## Task to carry out
No pictures belong in the copy. Retype exactly, and only, the stretch of lines below from the one with "If you want" through the one with "And we can check".

## Extracted records
=======

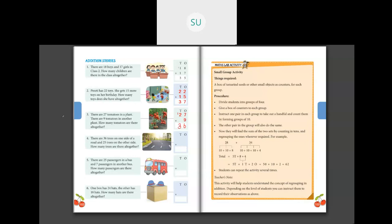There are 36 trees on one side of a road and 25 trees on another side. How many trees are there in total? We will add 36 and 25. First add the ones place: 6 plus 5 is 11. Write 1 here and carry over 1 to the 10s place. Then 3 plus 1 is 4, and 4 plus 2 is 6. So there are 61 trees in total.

=======

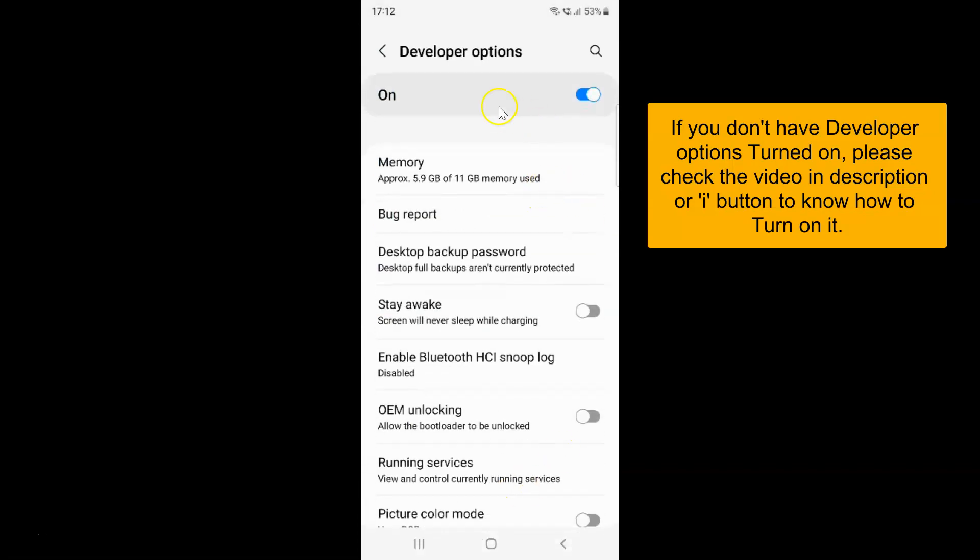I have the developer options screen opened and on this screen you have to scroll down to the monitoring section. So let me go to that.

=======

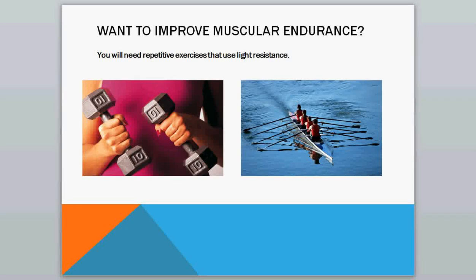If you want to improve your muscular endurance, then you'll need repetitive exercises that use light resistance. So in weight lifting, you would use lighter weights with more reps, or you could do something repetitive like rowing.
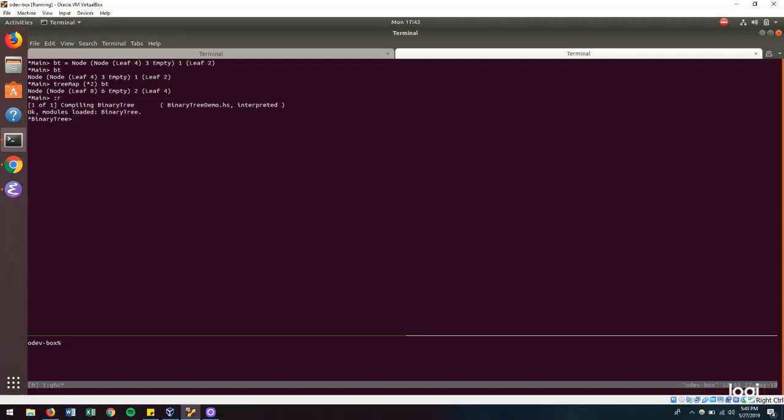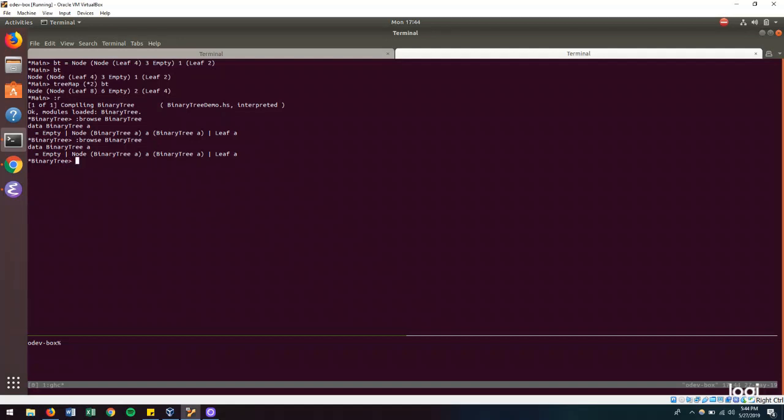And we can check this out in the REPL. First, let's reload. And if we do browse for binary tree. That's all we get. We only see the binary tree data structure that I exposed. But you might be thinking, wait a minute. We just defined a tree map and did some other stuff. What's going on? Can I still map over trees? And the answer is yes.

=======

## Solution for this task
If you want to improve your muscular endurance, then you'll need repetitive exercises that use light resistance. So in weight lifting, you would use lighter weights with more reps, or you could do something repetitive like rowing.
And we can check this out in the REPL. First, let's reload. And if we do browse for binary tree. That's all we get. We only see the binary tree data structure that I exposed. But you might be thinking, wait a minute. We just defined a tree map and did some other stuff. What's going on? Can I still map over trees? And the answer is yes.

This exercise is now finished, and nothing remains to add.